Koalas on JDK 11 raises `java.lang.UnsupportedOperationException`
ashwin153 opened this issue · comments
Ashwin Madavan commented
- PyArrow + PySpark on JDK 11 raises
java.lang.UnsupportedOperationException: sun.misc.Unsafe or java.nio.DirectByteBuffer.<init>(long, int) not available
. - According to https://stackoverflow.com/a/62625252 this can be resolved by setting
spark.driver.extraJavaOptions="-Dio.netty.tryReflectionSetAccessible=true"
and
spark.executor.extraJavaOptions="-Dio.netty.tryReflectionSetAccessible=true"

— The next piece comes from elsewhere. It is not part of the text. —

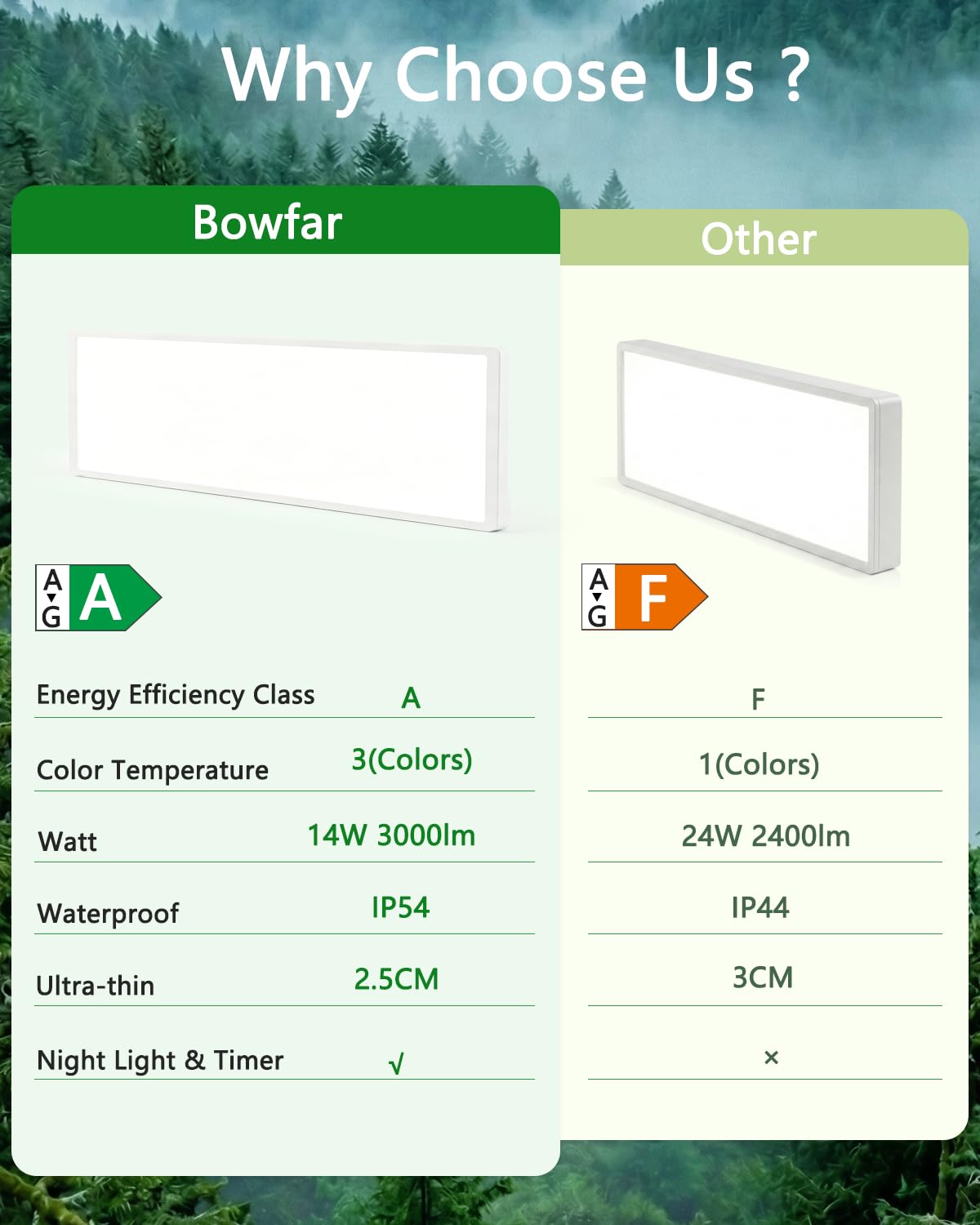 Bowfar Plafoniera Lampada da soffitto a LED, Classe di Efficienza A, 14W 3000LM Lampada da bagno con Telecomando, 3000K-6500K Impermeabile IP54 per Soggiorno Bagno Camera da letto CucinaØ60*20*2.5CM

in the SparkContext. I reproduced the problem and verified this solution on Spark / PySpark3.0.2
, Koalas1.5.0
, and openjdk11.0.10
. - Because I would imagine this to be a relatively common configuration (Java 11 is the
default-jdk
on Ubuntu 20.04 LTS, and Spark 3 is the latest version), I propose adding this configuration to the default_session. If there is a way to detect the JDK version from Python, then this additional configuration could be conditionally applied depending on the impactedLooseVersion(pyarrow.__version__)
,LooseVersion(pyspark.__version__)
, and JDK versions.
Hyukjin Kwon commented
Sure, that sounds making sense.
Ashwin Madavan commented
Do you know how to get the JDK version? If so, I'd be happy to put up a PR for this change.